Un cinquième tome souvent pointé du doigt, parfois injustement. Beaucoup le comparent au tome 3 pour son format, avec un enchaînement d’histoires brèves, entremêlées, racontées par des personnages réunis en un lieu clos. Ici, une auberge perdue dans les limbes du réel, alors qu’une tempête magique fait rage à l’extérieur.

Malgré les apparences, ce tome n’est pas une simple pause. C’est un hommage à la narration elle-même, et une transition émotionnelle bouleversante.


Le dispositif est simple, les voyageurs attendent, racontent. Mais ce que Gaiman orchestre derrière cette structure, c’est un tissage minutieux.

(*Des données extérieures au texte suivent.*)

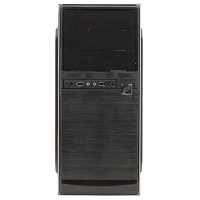 корпус 3Cott 2385 450W Black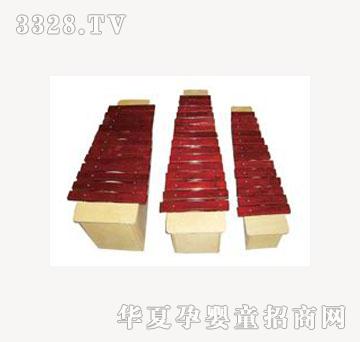 春芽乐器木琴XL12A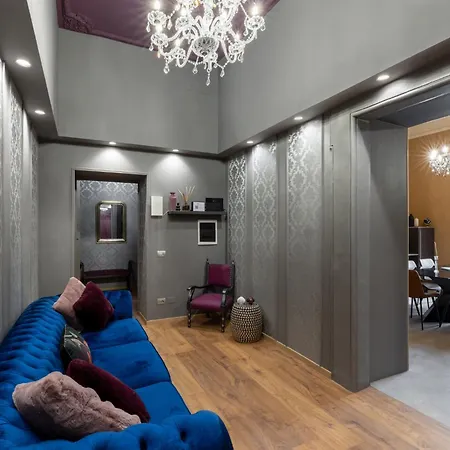Heritage Miracle Apartment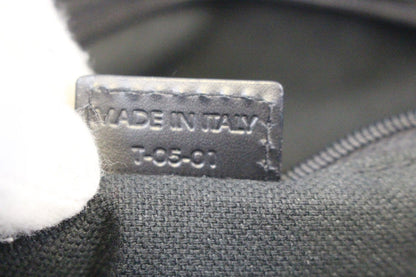 BURBERRY Nova Check Tote Shoulder Bag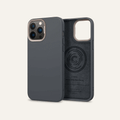 Estuche para iPhone 13 Pro Max - Cyrill Color Brick Mag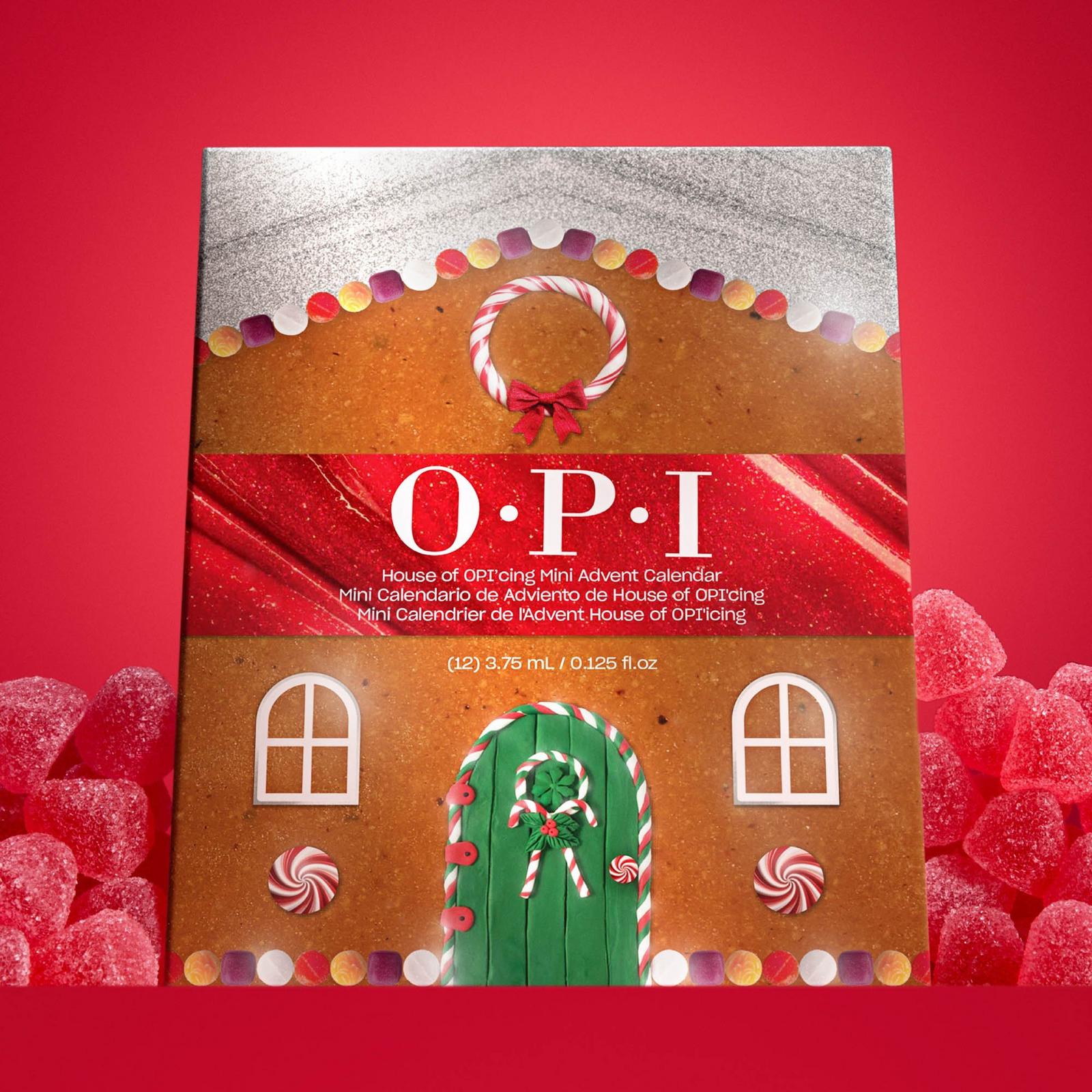 Holiday Advent Calendar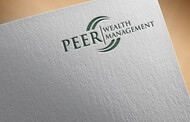 Peer Wealth Management Logo - Entry #120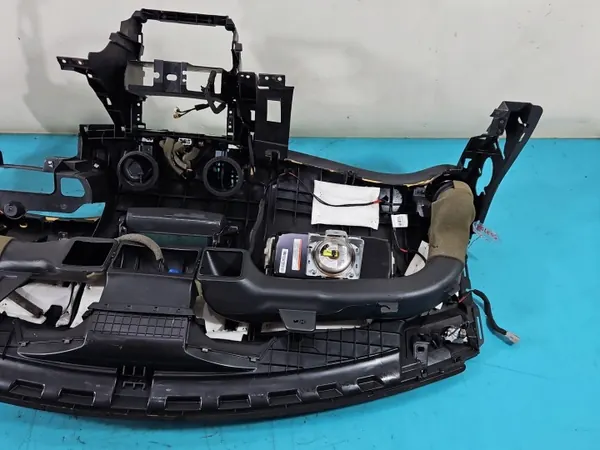 Consola airbag salpicadero OEM IMPRK1371999 Renault Koleos image 8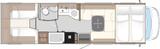 Concorde CRUISER 891LR Diamond Series - 6 Schlafpl. - Angebote entsprechen deinen Suchkriterien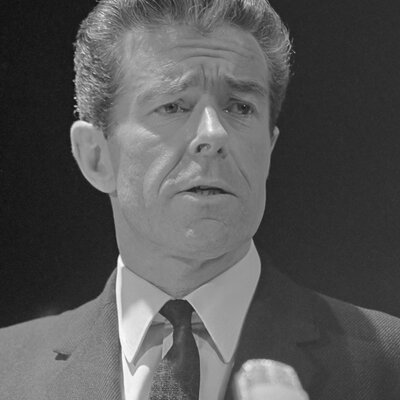 Jean-Jacques Servan-Schreiber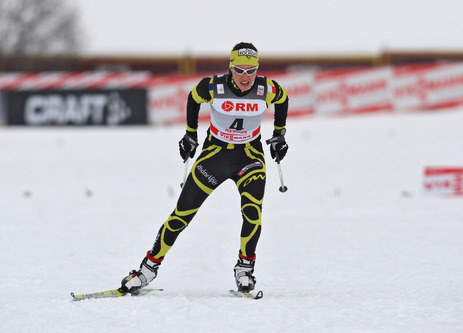 Barthelemy NordicFocus Barthelemy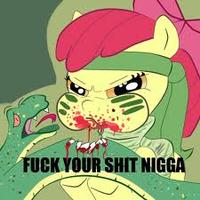 My Little Pony: Friendship is Magic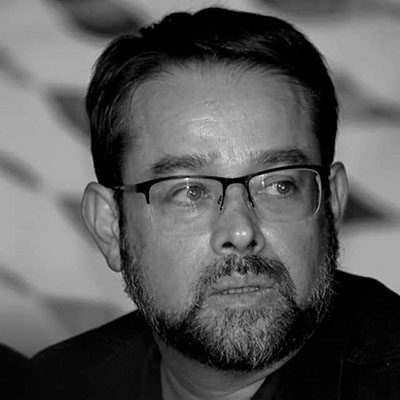 Jesús Ramírez-Bermúdez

Contrairement au tome 3 où les récits étaient indépendants, ici chaque histoire, chaque détour, semble destiné à une unique chose, préparer le terrain pour le dernier chapitre, celui qui referme un arc tragique, intime, brutal.

Car la “tempête” qu’ils affrontent est bien plus qu’une anomalie magique. C’est le deuil incarné. Le deuil de Morpheus lui-même. Celui d’un père, d’un roi, d’un éternel qui a commis l’irréparable. Et la tempête, alors, devient la matérialisation même de cette faille intérieure.

Ce tome boucle en fait l’arc d’Orphée.


L’auberge dans laquelle s'enferme plusieurs personnages est vue comme une catharsis.

On pourrait se dire que ces récits sont là pour meubler. Mais chaque conte, chaque point de vue est une métaphore déguisée. Tous parlent de perte, de transformation, d’identité mouvante. Ce n’est pas un hasard. C’est le cœur même de ce que vit Dream.

Ce lieu étrange devient alors une catharsis collective. Les personnages racontent pour exister, pour se relier à quelque chose. Pendant ce temps, dans un coin du réel, un père enterre son fils.


Ce qui rend ce volume remarquable à mes yeux, c’est sa fausse dispersion. On croit que l’on s’éparpille, mais on converge. On croit que Dream est absent, mais il est là, en filigrane, dans chaque parole, chaque silence. On comprend, à mesure que l’on avance, que tout cela n’est pas un détour, mais une forme d’adieu.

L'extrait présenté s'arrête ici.